COLOMBO: In a significant development for Sri Lanka’s automotive sector, the government has taken the step of rolling back certain vehicle import restrictions that were originally put in place in March 2020. This move marks a departure from previous policies and signals a more open approach towards trade in heavy vehicles.
Under the newly announced regulations, heavy vehicles such as buses, trucks, and tankers are now allowed to be imported into the country. This decision was conveyed through an official government notification issued by President Ranil Wickremesinghe, who also holds the position of finance minister. However, it’s important to note that the import bans on passenger vehicles, including cars, will remain unchanged.

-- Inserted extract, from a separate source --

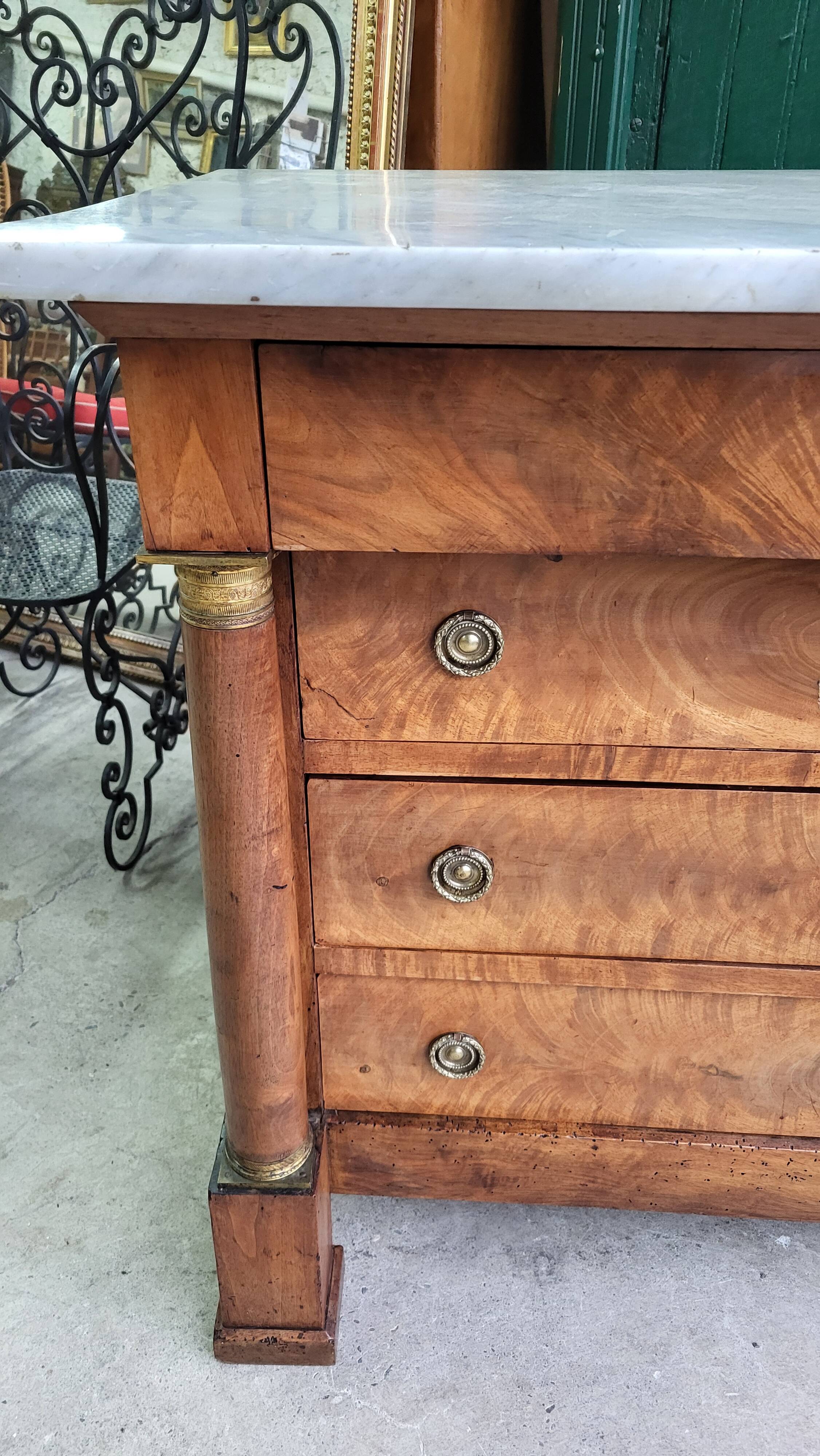 Empire commode in walnut with white marble top from the 19th century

This update arrives at a juncture when Sri Lanka’s economy has shown signs of stabilization over the past nine months. The country secured a significant $2.9 billion bailout from the International Monetary Fund (IMF), a move that played a pivotal role in reining inflation levels and initiating the rebuilding of foreign exchange reserves. Notably, Sri Lanka’s reserves experienced an impressive 26% growth, reaching a 19-month high of $3.8 billion in July. This achievement can be attributed to a boost in remittances and earnings from the tourism sector.
As a testament to the economic progress, the national currency has also demonstrated resilience, recording a rise of approximately 13.5% throughout the year, as indicated by central bank data. This positive trajectory showcases the nation’s commitment to financial stability and prudent monetary policies.
Yet, amidst these positive developments, challenges remain on the horizon. While the easing of the crisis is undoubtedly a positive step, Sri Lanka is still engaged in crucial debt negotiations with its creditors. The government aims to conclude these talks by September, coinciding with the first IMF programme review. Additionally, implementing key economic reforms is pivotal to ensuring the sustainability of the ongoing recovery efforts.
Although the Sri Lankan economy is anticipated to experience a contraction of about 2% this year, according to estimates from the central bank, this projection marks a significant improvement from the 7.8% contraction witnessed the previous year. The reform measures undertaken and the cautious approach towards policy changes are expected to drive the economy towards a more resilient and sustainable growth path.